Captioned web image data
-- -- --

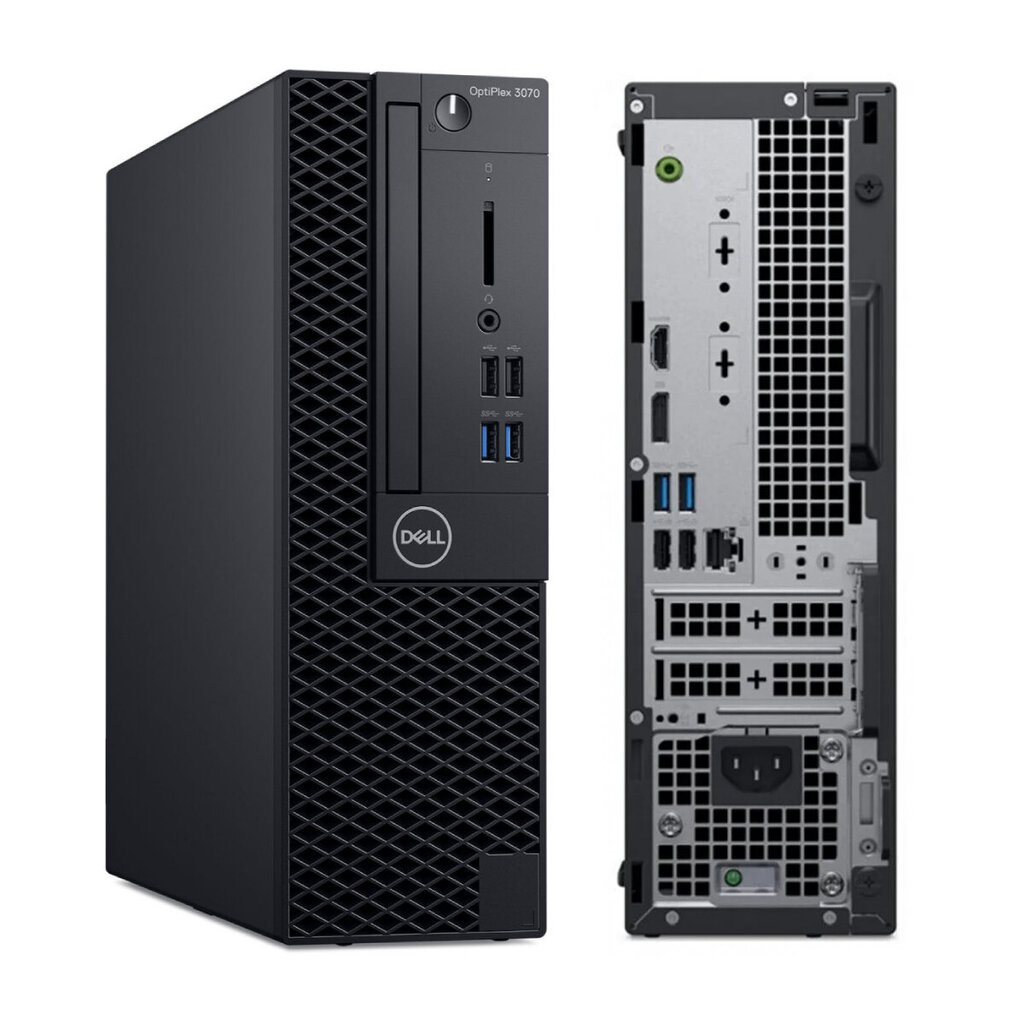 DELL 3070 SFF i5-9500 16GB 1TB SSD M.2 NVME+2TB WIN11Pro hind ja info | Lauaarvutid | kaup24.ee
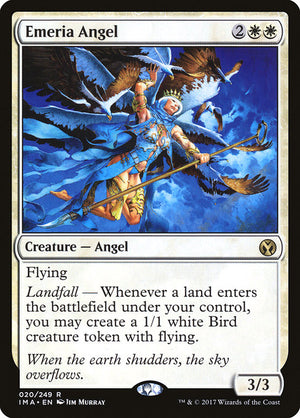 Emeria Angel (20) [Iconic Masters]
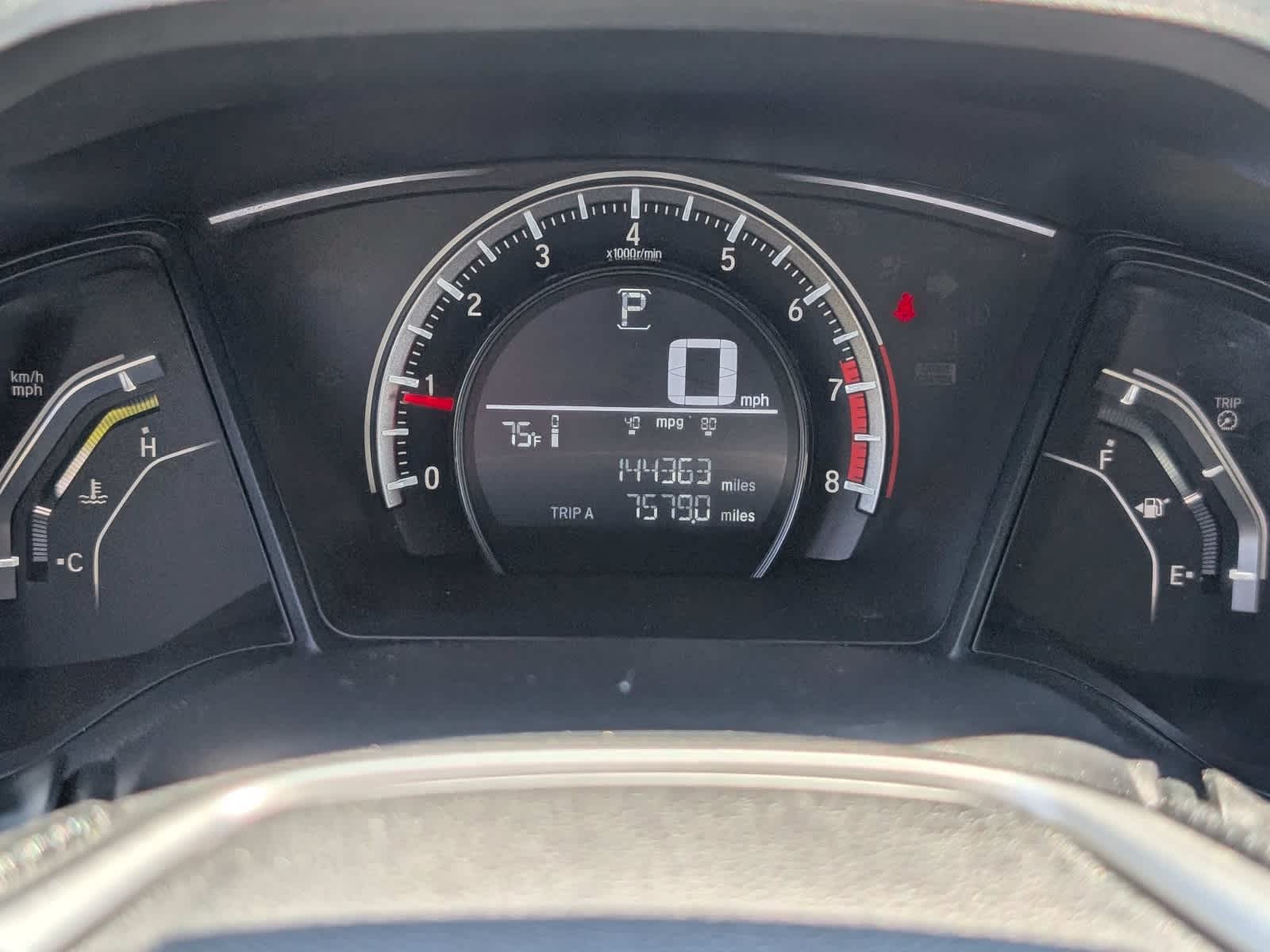 2016 Honda Civic Sedan LX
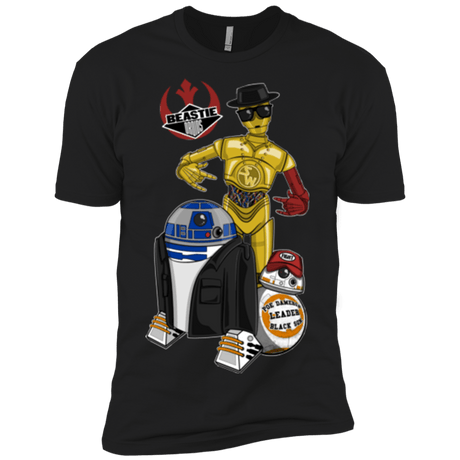 T-Shirts Black / X-Small The Beastie Droids Men's Premium T-Shirt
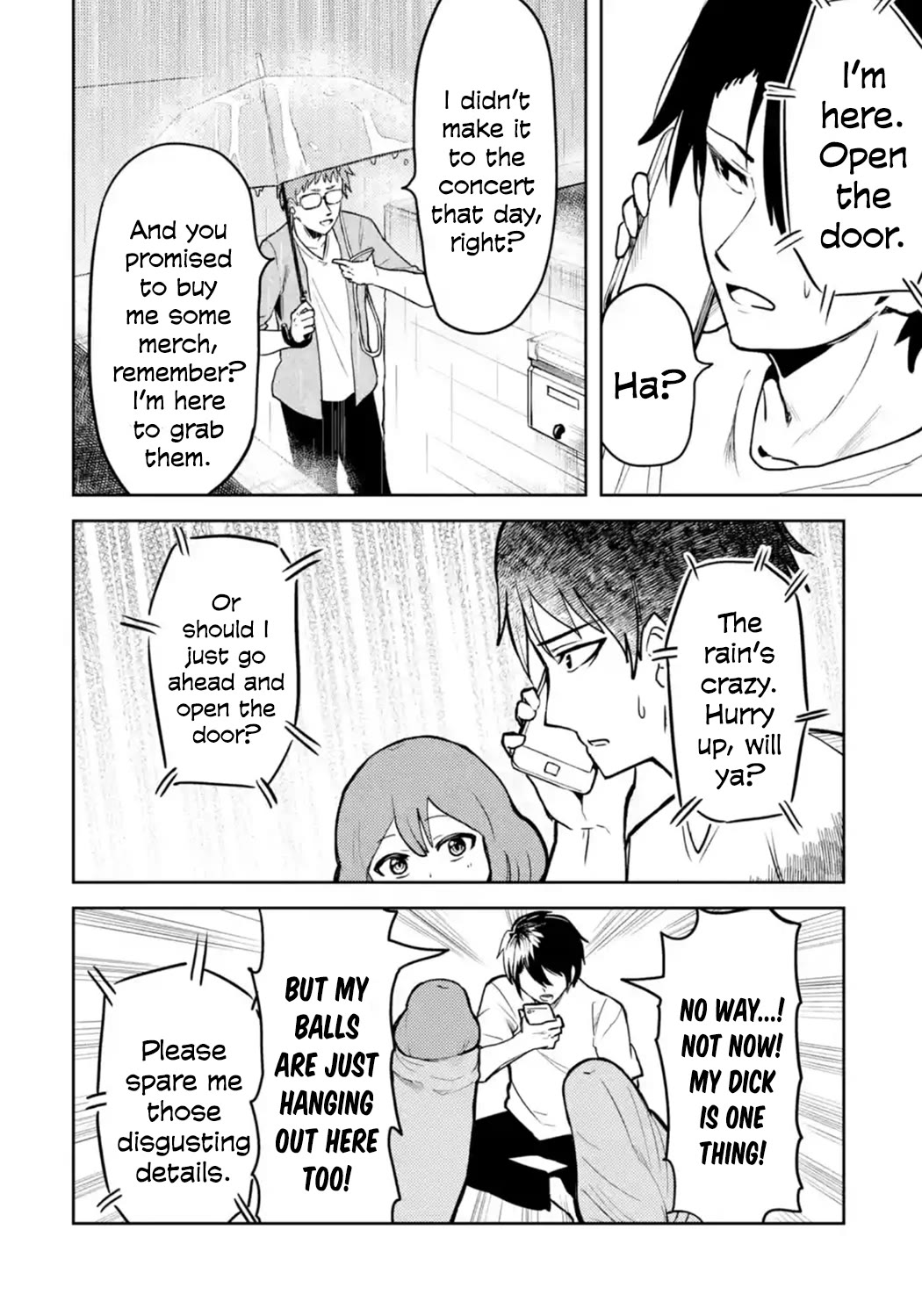 Turns Out My Dick Was a Cute Girl chapter 29 page 12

-- -- --

AIM OF THE TASK
Output every entry above exactly, minus the pictures.

SOLUTION BELOW
 DELL 3070 SFF i5-9500 16GB 1TB SSD M.2 NVME+2TB WIN11Pro hind ja info | Lauaarvutid | kaup24.ee
 Emeria Angel (20) [Iconic Masters]
 2016 Honda Civic Sedan LX
 T-Shirts Black / X-Small The Beastie Droids Men's Premium T-Shirt
 Turns Out My Dick Was a Cute Girl chapter 29 page 12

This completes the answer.